The Apprentice

The Apprentice Season 4 review

Published by jamdog on 1st April, 2008.

 The Apprentice Season 4 review

The Apprentice Season 4

BBC2

 

Okay you disgusting slut bags. You want an Apprentice review? Motherfucker, I’m AWN the motherfucker. You wouldn’t believe how busy Aerial Telly is these days. One of the reasons Aerial Telly gets more pum-pum than Beanie Man at a booty shaking contest is because his time is so very precious. He’s constantly got his fingers in many pies at once and that applies to his work, his love life, his social life and his personal contribution to society. So scarcity makes the incredibly valuable Mr Telly even more valuable. But don’t none of y’all worry. Aerial Telly will always be there for you. This is not a game for him. He’s in this for life. Believe that. Aight den, drop that beat one time.

“Raef may have the haircut and general demeanour of a 1930s German Nazi but don’t let that fool you. He’s much more offensive than that.”

The Apprentice is consistently excellent because it has a good format which it sticks to, has smart innovative tasks and manages to structure the show dynamic so that conflict arises naturally in the interaction between the characters, aggravated by the pressure of the tasks. As they promise every year this series is bigger than better than the one before. Can the contestants live down to the standards set by the shitheads of previous years? Let’s see.

“Chinny has a marketing degree from De Montford University, Leicester and they don’t hand those out like confetti. Confetti has a use, after all.”

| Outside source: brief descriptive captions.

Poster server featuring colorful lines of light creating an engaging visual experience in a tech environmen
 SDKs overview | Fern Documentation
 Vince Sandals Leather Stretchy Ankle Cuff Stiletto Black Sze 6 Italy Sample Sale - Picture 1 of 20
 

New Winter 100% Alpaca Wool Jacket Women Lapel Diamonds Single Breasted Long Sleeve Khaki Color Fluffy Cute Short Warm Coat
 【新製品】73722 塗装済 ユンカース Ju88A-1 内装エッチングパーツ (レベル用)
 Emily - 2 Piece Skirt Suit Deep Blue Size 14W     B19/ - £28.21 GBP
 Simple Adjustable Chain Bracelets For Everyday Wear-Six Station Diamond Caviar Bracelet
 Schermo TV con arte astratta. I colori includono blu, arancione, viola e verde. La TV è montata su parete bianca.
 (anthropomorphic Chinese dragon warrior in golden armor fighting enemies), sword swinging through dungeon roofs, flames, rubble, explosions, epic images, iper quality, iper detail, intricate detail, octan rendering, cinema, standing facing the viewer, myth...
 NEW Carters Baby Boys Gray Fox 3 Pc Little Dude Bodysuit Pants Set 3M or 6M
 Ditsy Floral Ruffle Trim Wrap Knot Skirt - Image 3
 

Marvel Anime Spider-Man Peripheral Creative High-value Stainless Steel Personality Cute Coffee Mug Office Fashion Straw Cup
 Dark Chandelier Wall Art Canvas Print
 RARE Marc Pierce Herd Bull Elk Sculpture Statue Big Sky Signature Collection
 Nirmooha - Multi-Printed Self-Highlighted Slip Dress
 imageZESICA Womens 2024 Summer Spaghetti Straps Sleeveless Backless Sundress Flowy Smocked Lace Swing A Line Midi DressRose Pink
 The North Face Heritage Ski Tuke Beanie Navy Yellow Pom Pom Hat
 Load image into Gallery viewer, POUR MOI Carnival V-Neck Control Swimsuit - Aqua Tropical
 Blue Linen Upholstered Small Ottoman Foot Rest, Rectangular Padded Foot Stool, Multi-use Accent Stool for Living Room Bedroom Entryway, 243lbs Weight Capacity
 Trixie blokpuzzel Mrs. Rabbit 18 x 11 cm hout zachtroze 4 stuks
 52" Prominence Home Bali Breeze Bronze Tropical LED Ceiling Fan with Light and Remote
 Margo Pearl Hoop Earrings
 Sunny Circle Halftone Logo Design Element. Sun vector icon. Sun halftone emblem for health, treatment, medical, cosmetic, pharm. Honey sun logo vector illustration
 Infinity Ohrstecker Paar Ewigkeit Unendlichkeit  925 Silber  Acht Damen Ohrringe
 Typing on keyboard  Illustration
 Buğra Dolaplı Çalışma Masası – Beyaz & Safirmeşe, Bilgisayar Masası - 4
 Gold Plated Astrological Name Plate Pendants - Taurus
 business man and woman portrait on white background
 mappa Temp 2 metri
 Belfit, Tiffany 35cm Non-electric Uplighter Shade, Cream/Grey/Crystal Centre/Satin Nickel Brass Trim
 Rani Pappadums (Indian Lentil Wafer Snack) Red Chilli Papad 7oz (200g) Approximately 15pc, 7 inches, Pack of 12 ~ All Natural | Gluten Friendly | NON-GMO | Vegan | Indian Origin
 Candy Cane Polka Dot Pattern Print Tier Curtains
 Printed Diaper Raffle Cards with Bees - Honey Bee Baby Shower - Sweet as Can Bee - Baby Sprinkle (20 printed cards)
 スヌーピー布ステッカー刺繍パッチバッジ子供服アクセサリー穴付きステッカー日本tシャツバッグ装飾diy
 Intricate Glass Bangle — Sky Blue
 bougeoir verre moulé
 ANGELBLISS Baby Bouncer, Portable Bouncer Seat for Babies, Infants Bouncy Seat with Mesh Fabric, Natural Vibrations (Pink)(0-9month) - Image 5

Raef Bjayou – cognac drinking import-export bore Raef may have the haircut and general demeanour of a 1930s German Nazi but don’t let that fool you. He’s much more offensive than that. He is a life member of the Exeter University debating society and we all know how much fun those guys are, right gang?

Jenny Celerier – redhead chin beast, the single mother former social worker’s main claim to fame is contracting meningitis and confounding doctors who said she would one day shut the fuck up about it . Chinny has a marketing degree from De Montford University, Leicester and they don’t hand those out like confetti. Confetti has a use, after all.

“Nicholas actually isn’t that big of a twat, disappointingly. He’ll need to work on that if he ever wants to be fully accepted as a member of the upper class”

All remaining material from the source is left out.